ACE-RL-Checkers: decision-making adaptability through integration of automatic case elicitation, reinforcement learning, and sequential pattern mining

摘要

In agents that operate in environments where decision-making needs to take into account, not only the environment, but also the minimizing actions of an opponent (as in games), it is fundamental that the agent is endowed with the ability of progressively tracing the profile of its adversaries, in such a manner that this profile aids in the process of selecting appropriate actions. However, it would be unsuitable to construct an agent with a decision-making system based only on the elaboration of such a profile, as this would prevent the agent from having its “own identity,” which would leave the agent at the mercy of its opponent.
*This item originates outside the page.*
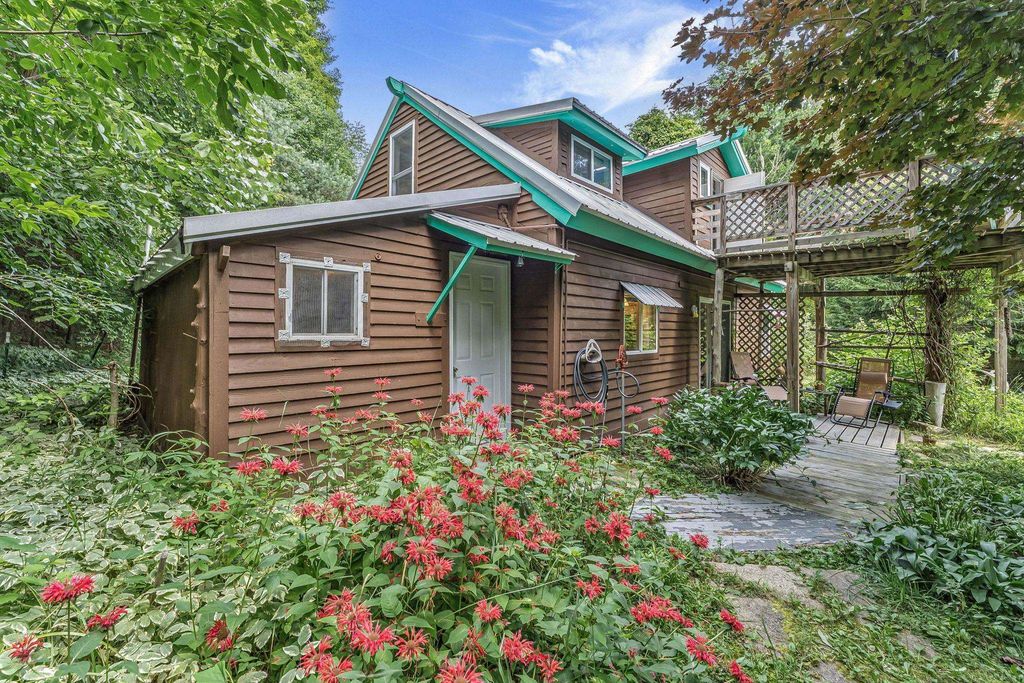 8594 W Old State Rd, Central Lake township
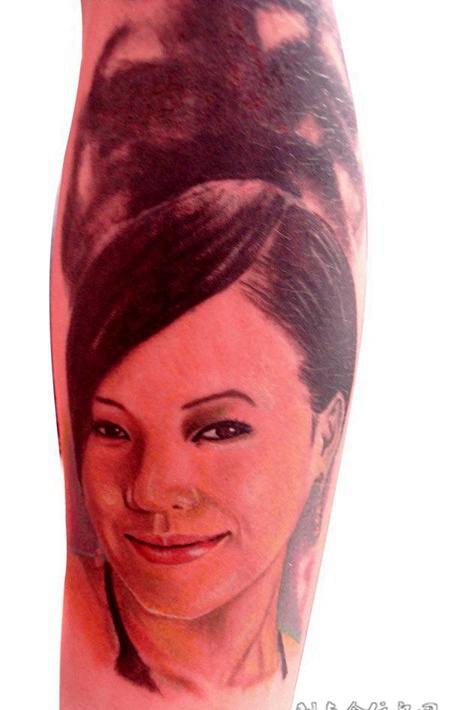 胳膊上的美女头像纹身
Following this direction, this study proposes an automatic Checkers player, called ACE-RL-Checkers, equipped with a dynamic decision-making module, which adapts to the profile of the opponent over the course of the game. In such a system, the action selection process is conducted through a composition of multilayer perceptron neural network and case library. In this case, the neural network represents the “identity” of the agent, i.e., it is an already trained static decision-making module. On the other hand, the case library represents the dynamic decision-making module of the agent, which is generated by the Automatic Case Elicitation technique. This technique has a pseudo-random exploratory behavior, which allows the dynamic decision-making of the agent to be directed either by the opponent’s game profile or randomly. In order to avoid a high occurrence of pseudo-random decision-making in the game initial phases—in which the agent counts on very little information about its opponent—this work proposes a new module based on sequential pattern mining for generating a base of experience rules extracted from human expert’s game records. This module will improve the agent’s move selection in the game initial phases. Experiments carried out in tournaments involving ACE-RL-Checkers and other agents correlated to this work, confirm the superiority of the dynamic architecture proposed herein.